The shooting of St. Louis police officer Norvelle Brown last week and the arrest today of those allegedly involved in his death is a tragic, graphic — and, ultimately, accurate illustration of life in some urban neighborhoods. Three young men who should have been somewhere else, with two guns they should never have had, encountered a young St. Louis police officer who was doing exactly what he should have been doing. In a few seconds that will be examined and re-examined by their families, friends, lawyers, and, likely, jurors, four lives were changed forever.
There’s plenty for a City and its residents to think about.
There’s too many guns out there. Too many young men and women have too little preparation for the lives we expect them to lead. Too few parents know or care where their children are at night. There’s not enough hope and too few economic opportunities to go around. Apathy and fear hinder many attempts to make neighborhoods better and safer.
But there’s also Norvelle Brown, from the very same neighborhoods, who graduated from high school and earned a badge and a good job patrolling by his own choice the streets on which he was raised. And those people involved in his killing were quickly identified by an outraged community and taken into police custody. Norvelle Brown himself spent part of his free time coaching and mentoring other young people from the neighborhoods who will also graduate from high school and go on to productive careers and lives as good parents. And hundreds of other men and women like Norvelle Brown do the same things.

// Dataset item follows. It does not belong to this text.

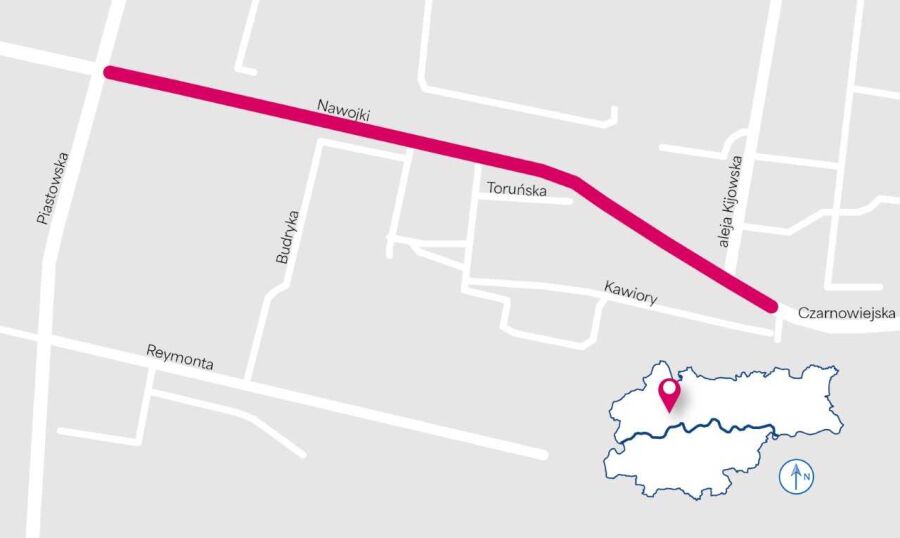 budowa drogi rowerowej ul. Nawojki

What decision put four young lives into the same alley — with guns that night, instead of into a gym or a library? Whatever it was, we all need to do some things very differently in the future. Let’s take every opportunity to get guns off our streets; let’s spare no effort to improve schools for our kids or to involve more parents in their children’s lives; let’s identify more and better economic opportunities for City residents; and let’s nurture the strong, swift community resolve against criminal behavior that Officer Brown’s death engendered.
If we do not, then nothing changes — and life will stay the same.